Glossary
A
Absolute Difference
Refers to the absolute difference signal on numeric values. Used to find numbers that are "close" to one another in an absolute sense, for example, within a certain, preset range.
Attribute
An attribute is a data field in a record, such as age, name, or state. Attributes have values. One record has many attributes, and attributes can be used in machine learning.
B
Binning
Binning is the process by which Tamr reduces the number of pairwise comparisons. Instead of comparing all records to all records, Tamr uses a model to divide records into K bins and only comparing bins where matches are possible. The goal is to find all true matches and prune as many non-matches as possible.
C
Category
A category is one element in a taxonomy. For example, a taxonomy about food might include the categories fruit, meat, bread. Each of those categories might contain categories such as apple, orange, steak, or bagel.
Categorization
Categorization is matching records to a taxonomy. It identifies one category in the taxonomy as the "best" match for each record. In Tamr, categorization is learned exclusively from human-provided labels.
Classification
This term is the same as categorization.
Cluster
A consolidation of records and their attributes across your datasets that Tamr suggests are matches. Clusters may also be called Consolidated Entities.
Consolidated Entity
This term means the same as Cluster.
Cosine Similarity
Refers to cosine similarity signal on text values. Cosine binning on tokens measures the angle between two vectors, where each vector is made up of tokens. Tokens are weighted with IDF (inverse document frequency) weighting. Cosine similarity grows exponentially with the number of tokens, but is guaranteed to have perfect recall (with respect to the DNF).
Cross Validation
Each record is used the same number of times for training and exactly once for testing. To illustrate this method, suppose we partition the data into two equal-sized subsets. First, we choose one of the subsets for training and the other for testing. We then swap the roles of the subsets so that the previous training set becomes the test set and vice versa. This approach is called a two-fold cross-validation. The total error is obtained by summing up the errors for both runs. In this example, each record is used exactly once for training and once for testing. The k-fold cross-validation method generalizes this approach by segmenting the data into k equal-sized partitions. During each run, one of the partitions is chosen for testing, while the rest of them are used for training. This procedure is repeated k times so that each partition is used for testing exactly once. Again, the total error is found by summing up the errors for all k runs.
D
Dedup/Dedupe/De-dupe
Short for deduplication, another term for dataset mastering. This term means the same as Entity Consolidation.

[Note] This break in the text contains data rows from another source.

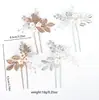 Nuevo Set de 3 Piezas Horquilla Blanca de Cerámica con Flor y Hoja Accesorios para el Cabello Tocado Nupcial para Boda Accesorios para el Cabello al Mayoreo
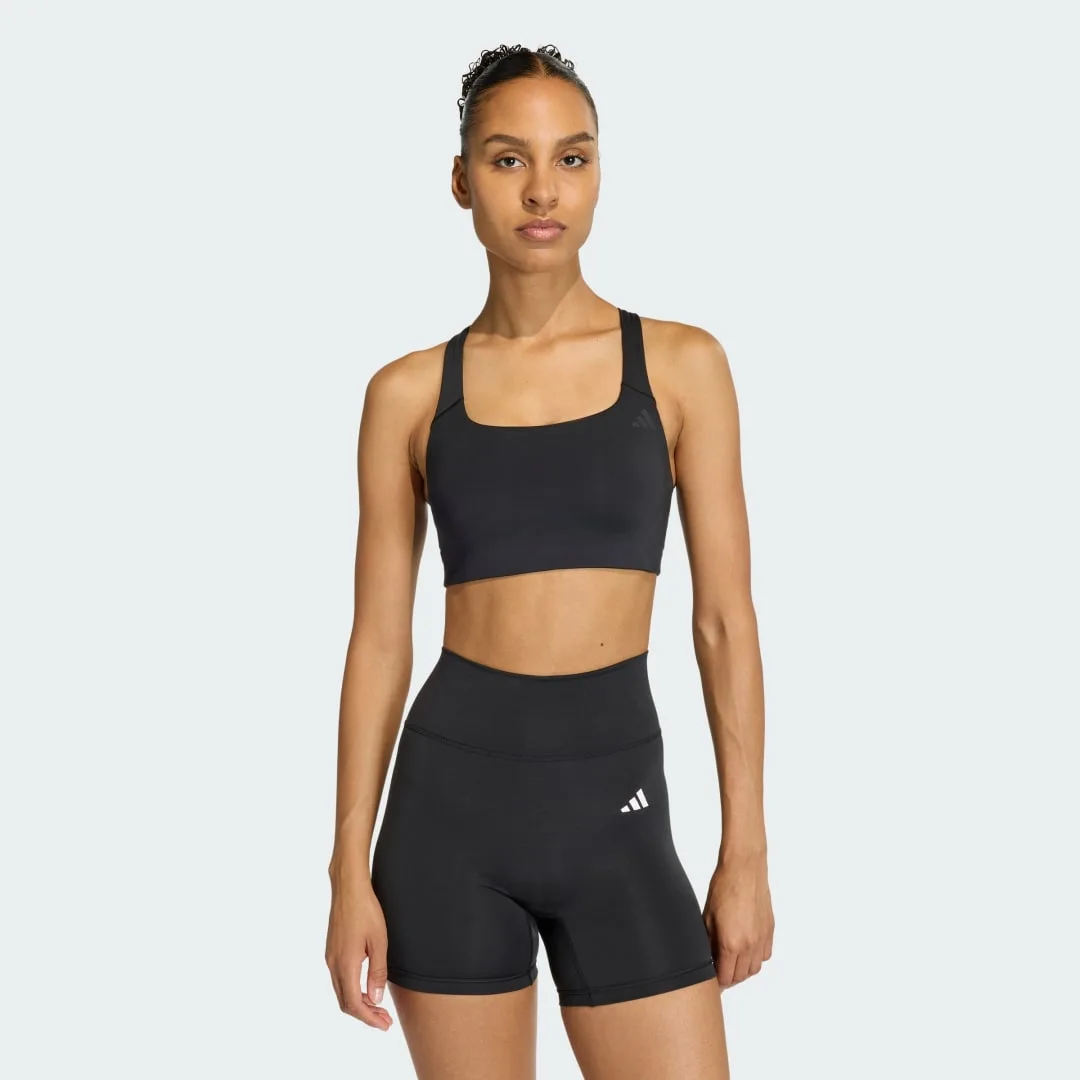 Reggiseno Optime Workout Medium Support 2XS Black - Adidas - FashionsVida
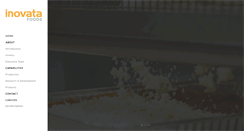 Desktop Screenshot of inovatafoods.com
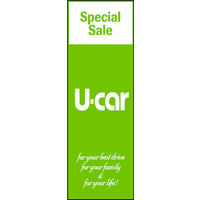 のぼり旗 U-CAR 05  W600×H1800mm 1枚 田原屋（直送品）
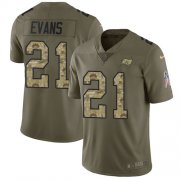 Wholesale Cheap Nike Buccaneers #21 Justin Evans Olive/Camo Youth Stitched NFL Limited 2017 Salute to Service Jersey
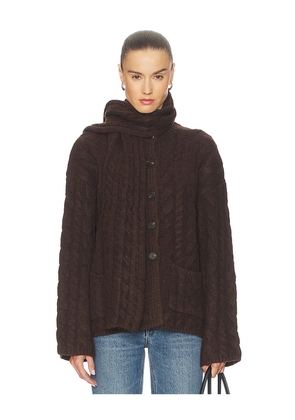 John & Jenn by Line Zaire Cardigan in Brown. Size S. Also in XS, M, L.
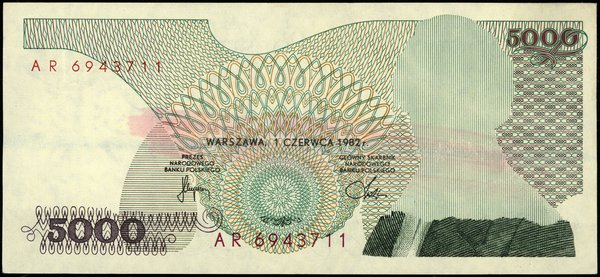 5.000 złotych, 1.06.1982; seria AR, numeracja 69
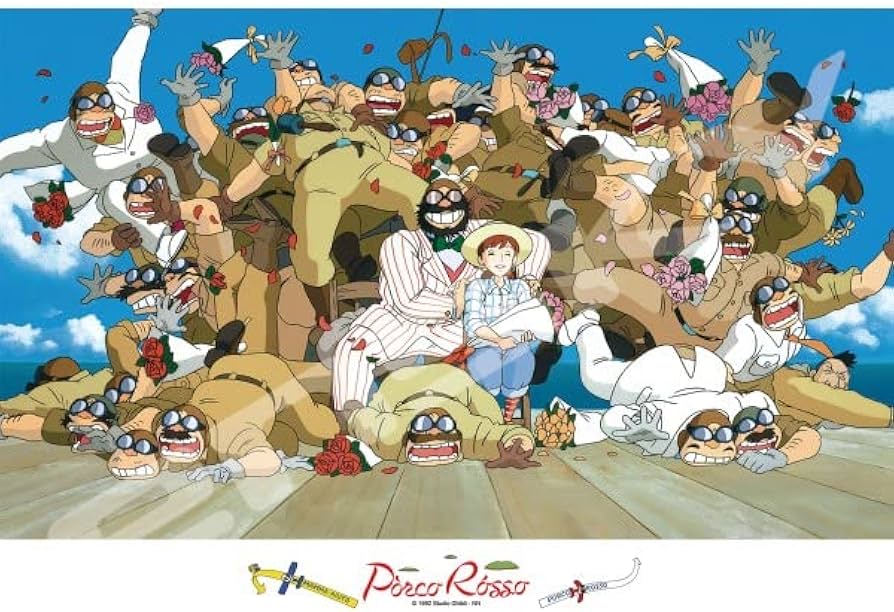 Amazon | エンスカイ(ENSKY) ジグソーパズル 紅の豚 記念撮影 500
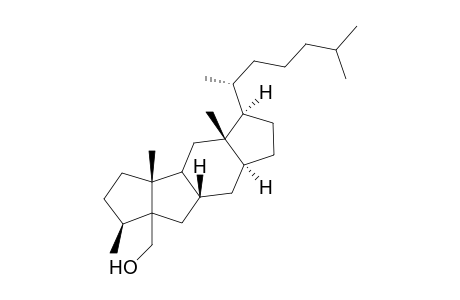 5-(Hydroxymethyl)-3.beta.-methyl-A,B-bisnor-5.beta.-cholestane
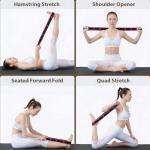 Fitness Resistance Bands with Handles for Stretching and Yoga, 8-Section Elastic Training Band with Clear Markings, Fashion Puller Exercise Bands Resistance for Full Body Stretching Shaping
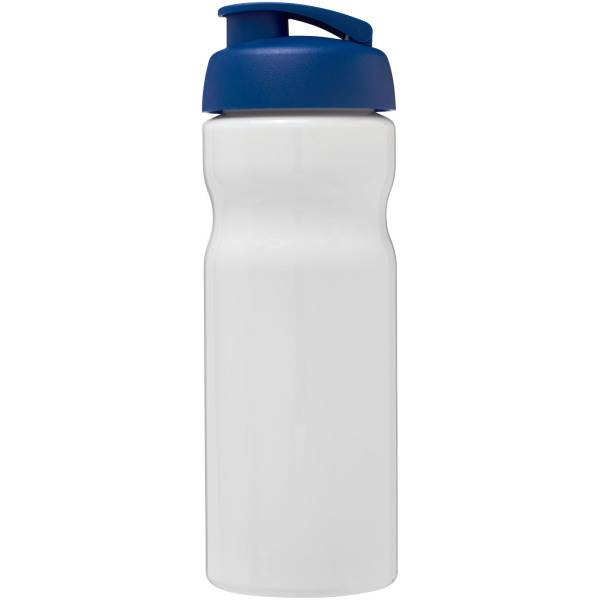 H2O Active® Base 650 ml flip lid sport bottle - White/Blue
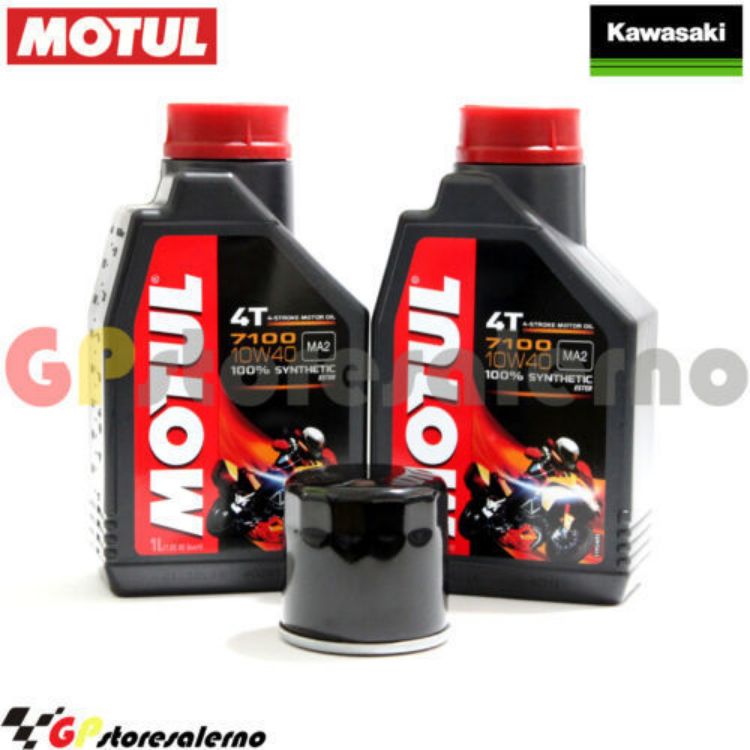 Immagine di KIT TAGLIANDO OLIO + FILTRO MOTUL 7100 10W40 2L KAWASAKI ER-6F 2006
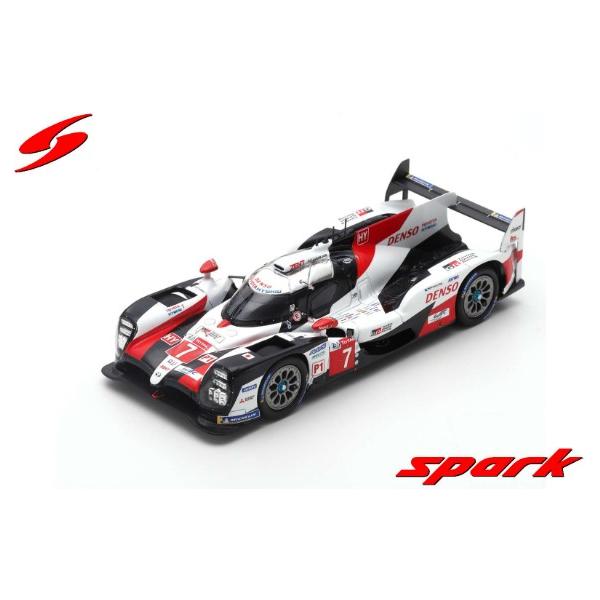 Spark 1/43 TOYOTA TS050 HYBRID No.7 GAZOO Racing 2nd 24H Le Mans
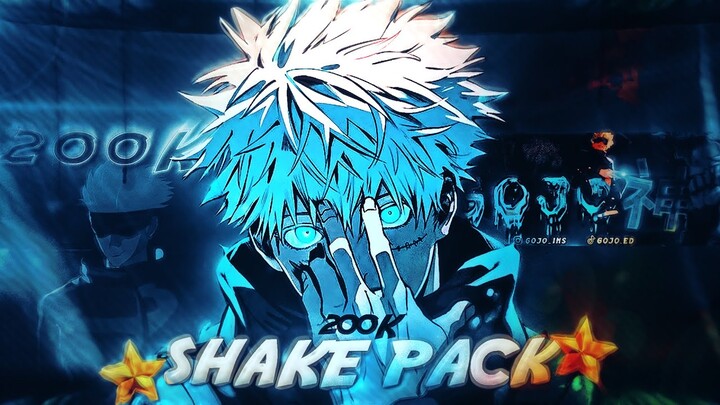 GOJO神 SHAKE PACK + 3D TEXT🎁 (Thank you for 200K!)💞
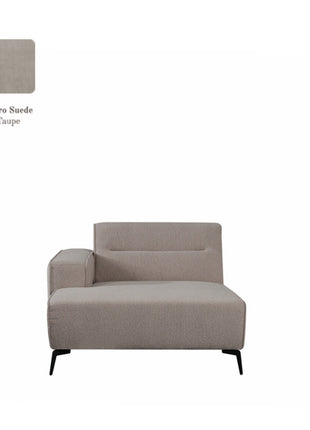 Bank Nero - Taupe - Micro Suede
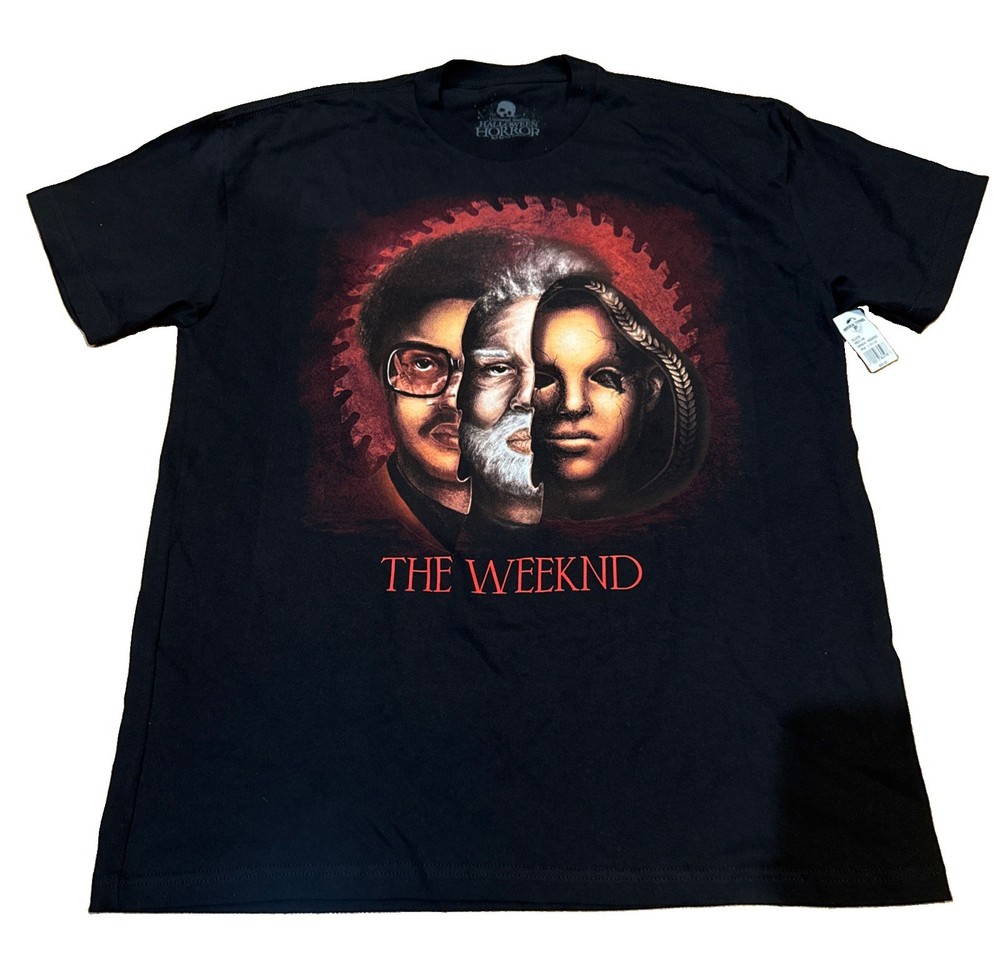 Universal Studios Hollywood USH HHN 2024 The WEEKND T-Shirt Adult Size M – NEW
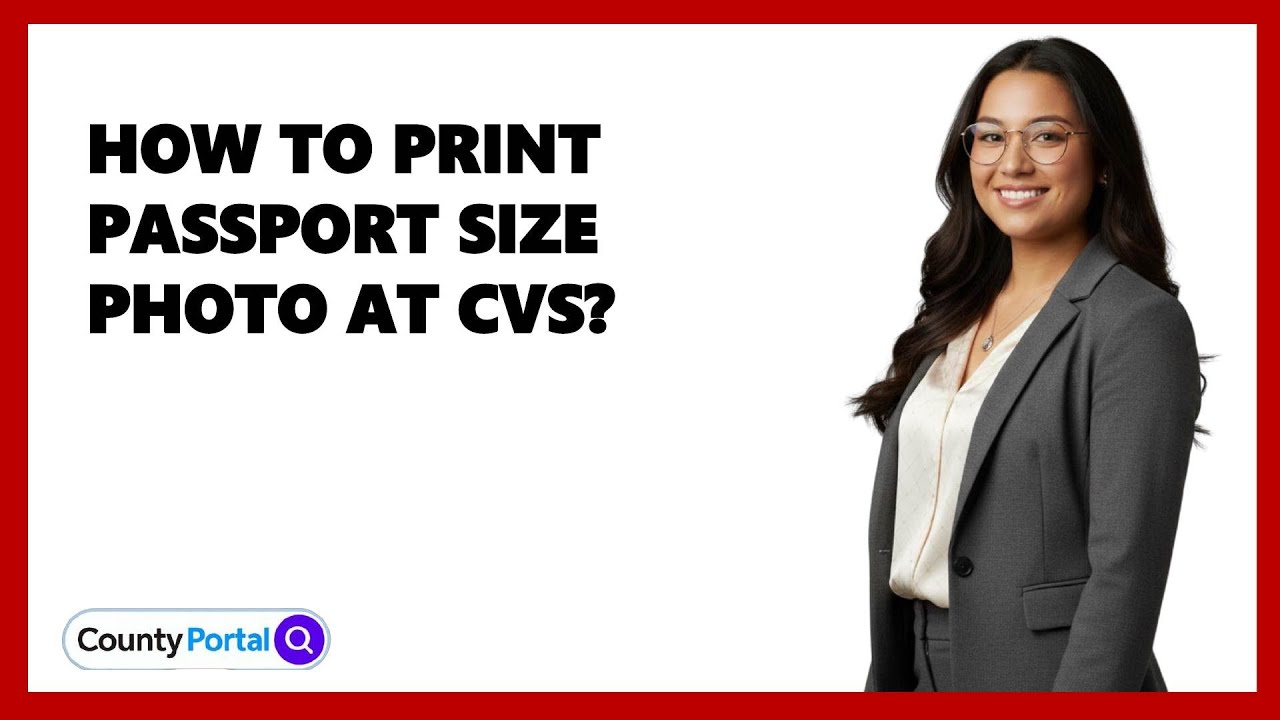 How To Print Passport Size Photo At CVS?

Disjunctive Normal Form (DNF)
DNF is a logical formula that is a disjunction of conjuctive clauses. The binning model in Tamr is written in DNF.
E
Entity
A group of one or more records that correspond to the same real-world entity, such as a person or organization.
Entity Consolidation
The process by which Tamr combines similar records from your input datasets into clusters of related records to give you a unified view of your data.
External Data
External data is data that Tamr uses only for training. It is not included in the final output.
F
G
H
Hausdorff distance
Tthe maximum distance from a set to the nearest point in the other set. The closer two geometry objects are based on the Hausdorff distance, the more likely it is that they are similar. When creating pairs for matching geospatial type attributes, you can select these metric types on the Pairs Generation page:
- Hausdorff Distance measures how far two objects are from each other, within a metric space. This metric represents the absolute Hausdorff distance in meters between two geometries.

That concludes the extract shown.